• _PROBLEM TO WORK ON_
Within the material below, transcribe exactly the lines from the one holding "A wide-angle, minimalist" through the one holding "a bed in a bedroom", keeping both ends and skipping the rest.

• _DATASET ENTRIES_
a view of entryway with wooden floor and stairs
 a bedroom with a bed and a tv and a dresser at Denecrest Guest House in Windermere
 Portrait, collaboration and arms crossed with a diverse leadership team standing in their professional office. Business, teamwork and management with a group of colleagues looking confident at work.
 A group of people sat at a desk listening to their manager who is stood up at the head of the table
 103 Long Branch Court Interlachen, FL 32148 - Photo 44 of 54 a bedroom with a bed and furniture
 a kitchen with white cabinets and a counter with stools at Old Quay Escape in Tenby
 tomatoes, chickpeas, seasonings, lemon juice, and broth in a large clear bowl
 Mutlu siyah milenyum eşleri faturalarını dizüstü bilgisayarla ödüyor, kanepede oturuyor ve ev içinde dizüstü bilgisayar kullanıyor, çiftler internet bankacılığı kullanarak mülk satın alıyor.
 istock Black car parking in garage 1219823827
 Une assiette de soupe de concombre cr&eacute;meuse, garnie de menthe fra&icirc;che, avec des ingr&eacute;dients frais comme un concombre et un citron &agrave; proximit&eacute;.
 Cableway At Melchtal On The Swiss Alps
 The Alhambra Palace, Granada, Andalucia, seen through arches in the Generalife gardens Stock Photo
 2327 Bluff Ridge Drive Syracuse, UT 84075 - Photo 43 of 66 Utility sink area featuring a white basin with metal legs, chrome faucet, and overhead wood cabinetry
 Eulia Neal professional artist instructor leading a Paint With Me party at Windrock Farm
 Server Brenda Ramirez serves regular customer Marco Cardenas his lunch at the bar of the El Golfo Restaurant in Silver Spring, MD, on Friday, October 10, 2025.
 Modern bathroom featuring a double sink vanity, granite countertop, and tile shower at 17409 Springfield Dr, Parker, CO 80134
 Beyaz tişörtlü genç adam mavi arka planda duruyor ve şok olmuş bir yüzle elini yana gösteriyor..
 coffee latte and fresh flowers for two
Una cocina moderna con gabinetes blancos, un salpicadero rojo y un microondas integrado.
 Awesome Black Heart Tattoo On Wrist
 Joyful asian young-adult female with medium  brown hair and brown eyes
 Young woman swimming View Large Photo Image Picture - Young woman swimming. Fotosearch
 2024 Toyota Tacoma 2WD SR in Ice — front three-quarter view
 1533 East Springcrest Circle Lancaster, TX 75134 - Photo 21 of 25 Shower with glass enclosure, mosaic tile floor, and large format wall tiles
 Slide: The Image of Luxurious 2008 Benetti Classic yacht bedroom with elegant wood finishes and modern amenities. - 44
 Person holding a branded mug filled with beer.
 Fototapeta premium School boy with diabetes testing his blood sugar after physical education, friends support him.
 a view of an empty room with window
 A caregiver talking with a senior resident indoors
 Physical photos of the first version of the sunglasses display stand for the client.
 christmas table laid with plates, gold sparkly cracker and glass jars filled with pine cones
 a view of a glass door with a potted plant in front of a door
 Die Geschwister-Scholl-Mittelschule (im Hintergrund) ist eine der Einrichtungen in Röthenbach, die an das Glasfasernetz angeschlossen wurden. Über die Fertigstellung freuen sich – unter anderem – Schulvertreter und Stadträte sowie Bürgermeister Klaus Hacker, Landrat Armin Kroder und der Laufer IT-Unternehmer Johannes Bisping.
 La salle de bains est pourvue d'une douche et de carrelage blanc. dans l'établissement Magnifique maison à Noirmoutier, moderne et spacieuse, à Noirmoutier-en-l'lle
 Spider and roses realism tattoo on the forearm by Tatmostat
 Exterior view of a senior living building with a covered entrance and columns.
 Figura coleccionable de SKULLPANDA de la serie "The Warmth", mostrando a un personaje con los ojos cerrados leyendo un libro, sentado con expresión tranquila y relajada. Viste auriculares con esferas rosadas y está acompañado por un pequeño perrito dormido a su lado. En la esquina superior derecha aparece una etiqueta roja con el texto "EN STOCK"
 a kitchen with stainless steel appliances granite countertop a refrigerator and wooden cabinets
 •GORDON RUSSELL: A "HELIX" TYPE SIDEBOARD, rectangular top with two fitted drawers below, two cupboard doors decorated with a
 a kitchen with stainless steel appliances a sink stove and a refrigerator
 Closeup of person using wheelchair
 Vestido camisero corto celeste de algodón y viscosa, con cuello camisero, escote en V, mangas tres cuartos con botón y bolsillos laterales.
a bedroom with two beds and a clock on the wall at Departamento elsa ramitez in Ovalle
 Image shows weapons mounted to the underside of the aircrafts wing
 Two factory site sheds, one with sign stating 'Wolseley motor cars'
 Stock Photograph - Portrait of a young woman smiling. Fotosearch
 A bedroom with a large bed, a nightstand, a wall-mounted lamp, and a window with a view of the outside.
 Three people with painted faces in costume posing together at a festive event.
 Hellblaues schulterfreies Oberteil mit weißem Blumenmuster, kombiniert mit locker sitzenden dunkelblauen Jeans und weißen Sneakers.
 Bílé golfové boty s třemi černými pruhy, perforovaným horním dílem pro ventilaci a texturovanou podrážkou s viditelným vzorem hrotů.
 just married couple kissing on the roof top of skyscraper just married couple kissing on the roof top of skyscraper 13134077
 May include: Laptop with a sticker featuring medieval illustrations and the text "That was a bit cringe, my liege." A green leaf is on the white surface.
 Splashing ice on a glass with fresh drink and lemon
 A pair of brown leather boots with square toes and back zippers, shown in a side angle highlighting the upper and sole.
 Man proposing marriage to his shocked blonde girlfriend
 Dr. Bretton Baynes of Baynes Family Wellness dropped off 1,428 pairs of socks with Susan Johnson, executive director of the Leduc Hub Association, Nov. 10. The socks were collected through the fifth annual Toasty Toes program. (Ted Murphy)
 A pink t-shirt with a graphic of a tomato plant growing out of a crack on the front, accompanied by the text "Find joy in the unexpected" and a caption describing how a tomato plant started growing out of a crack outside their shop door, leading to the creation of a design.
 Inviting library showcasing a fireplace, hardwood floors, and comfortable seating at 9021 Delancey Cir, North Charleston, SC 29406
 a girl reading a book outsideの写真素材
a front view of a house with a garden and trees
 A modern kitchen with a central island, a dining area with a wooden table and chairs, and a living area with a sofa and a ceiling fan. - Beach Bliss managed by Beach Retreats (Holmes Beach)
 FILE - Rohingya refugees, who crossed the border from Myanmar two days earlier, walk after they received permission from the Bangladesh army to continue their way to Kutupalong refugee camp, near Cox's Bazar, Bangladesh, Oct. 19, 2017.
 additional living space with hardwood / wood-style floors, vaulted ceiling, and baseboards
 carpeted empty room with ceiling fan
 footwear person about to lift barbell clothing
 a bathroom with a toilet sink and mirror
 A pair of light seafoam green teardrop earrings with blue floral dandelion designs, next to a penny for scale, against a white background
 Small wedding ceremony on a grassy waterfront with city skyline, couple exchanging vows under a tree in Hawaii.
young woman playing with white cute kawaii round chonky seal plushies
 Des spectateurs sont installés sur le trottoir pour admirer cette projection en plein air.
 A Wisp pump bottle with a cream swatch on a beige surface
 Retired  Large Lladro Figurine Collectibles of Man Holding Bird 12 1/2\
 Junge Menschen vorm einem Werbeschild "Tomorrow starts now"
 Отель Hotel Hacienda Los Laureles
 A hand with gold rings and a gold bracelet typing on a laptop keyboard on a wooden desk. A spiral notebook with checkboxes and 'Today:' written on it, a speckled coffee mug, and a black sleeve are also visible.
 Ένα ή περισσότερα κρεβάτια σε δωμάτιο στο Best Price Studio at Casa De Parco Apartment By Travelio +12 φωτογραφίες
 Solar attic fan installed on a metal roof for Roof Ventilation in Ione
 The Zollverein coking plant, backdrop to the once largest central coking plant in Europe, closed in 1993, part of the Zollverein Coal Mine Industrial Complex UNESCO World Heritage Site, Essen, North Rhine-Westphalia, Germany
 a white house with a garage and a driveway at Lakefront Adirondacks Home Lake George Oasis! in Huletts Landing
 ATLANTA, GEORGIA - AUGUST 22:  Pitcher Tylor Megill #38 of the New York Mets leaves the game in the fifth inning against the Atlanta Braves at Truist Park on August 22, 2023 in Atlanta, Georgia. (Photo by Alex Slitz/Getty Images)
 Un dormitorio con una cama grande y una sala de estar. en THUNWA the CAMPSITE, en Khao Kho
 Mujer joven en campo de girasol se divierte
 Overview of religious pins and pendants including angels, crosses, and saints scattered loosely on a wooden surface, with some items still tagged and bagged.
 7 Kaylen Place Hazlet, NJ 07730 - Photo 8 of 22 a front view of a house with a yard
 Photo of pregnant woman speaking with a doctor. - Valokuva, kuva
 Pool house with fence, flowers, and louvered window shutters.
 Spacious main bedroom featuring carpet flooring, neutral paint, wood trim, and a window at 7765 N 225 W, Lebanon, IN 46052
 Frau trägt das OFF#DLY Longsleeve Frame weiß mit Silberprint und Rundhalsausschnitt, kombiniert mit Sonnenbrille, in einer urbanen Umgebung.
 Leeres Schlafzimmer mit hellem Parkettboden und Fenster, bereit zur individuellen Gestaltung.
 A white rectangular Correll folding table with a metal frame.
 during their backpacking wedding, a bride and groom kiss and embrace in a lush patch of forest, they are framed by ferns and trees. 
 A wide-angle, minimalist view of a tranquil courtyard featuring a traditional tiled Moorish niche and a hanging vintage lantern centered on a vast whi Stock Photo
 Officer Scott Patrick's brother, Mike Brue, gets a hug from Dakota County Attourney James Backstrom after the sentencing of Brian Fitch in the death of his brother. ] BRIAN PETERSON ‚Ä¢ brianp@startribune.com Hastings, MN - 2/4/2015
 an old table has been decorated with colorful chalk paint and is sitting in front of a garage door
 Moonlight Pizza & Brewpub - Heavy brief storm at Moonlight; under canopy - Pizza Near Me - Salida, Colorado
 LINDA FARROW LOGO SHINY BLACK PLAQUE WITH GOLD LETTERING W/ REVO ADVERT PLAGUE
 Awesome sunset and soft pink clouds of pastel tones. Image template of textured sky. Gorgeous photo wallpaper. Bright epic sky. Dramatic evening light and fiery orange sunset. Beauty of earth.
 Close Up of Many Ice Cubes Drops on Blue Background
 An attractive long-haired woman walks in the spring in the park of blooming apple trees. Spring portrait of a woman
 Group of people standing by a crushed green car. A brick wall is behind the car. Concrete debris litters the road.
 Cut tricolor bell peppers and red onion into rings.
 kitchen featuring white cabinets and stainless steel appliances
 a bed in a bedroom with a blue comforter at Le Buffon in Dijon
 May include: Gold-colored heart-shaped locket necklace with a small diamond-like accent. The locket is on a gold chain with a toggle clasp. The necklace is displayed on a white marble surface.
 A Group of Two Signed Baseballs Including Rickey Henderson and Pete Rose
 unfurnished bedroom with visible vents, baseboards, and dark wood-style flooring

• _RESULT FOR THIS EXERCISE_
 A wide-angle, minimalist view of a tranquil courtyard featuring a traditional tiled Moorish niche and a hanging vintage lantern centered on a vast whi Stock Photo
 Officer Scott Patrick's brother, Mike Brue, gets a hug from Dakota County Attourney James Backstrom after the sentencing of Brian Fitch in the death of his brother. ] BRIAN PETERSON ‚Ä¢ brianp@startribune.com Hastings, MN - 2/4/2015
 an old table has been decorated with colorful chalk paint and is sitting in front of a garage door
 Moonlight Pizza & Brewpub - Heavy brief storm at Moonlight; under canopy - Pizza Near Me - Salida, Colorado
 LINDA FARROW LOGO SHINY BLACK PLAQUE WITH GOLD LETTERING W/ REVO ADVERT PLAGUE
 Awesome sunset and soft pink clouds of pastel tones. Image template of textured sky. Gorgeous photo wallpaper. Bright epic sky. Dramatic evening light and fiery orange sunset. Beauty of earth.
 Close Up of Many Ice Cubes Drops on Blue Background
 An attractive long-haired woman walks in the spring in the park of blooming apple trees. Spring portrait of a woman
 Group of people standing by a crushed green car. A brick wall is behind the car. Concrete debris litters the road.
 Cut tricolor bell peppers and red onion into rings.
 kitchen featuring white cabinets and stainless steel appliances
 a bed in a bedroom with a blue comforter at Le Buffon in Dijon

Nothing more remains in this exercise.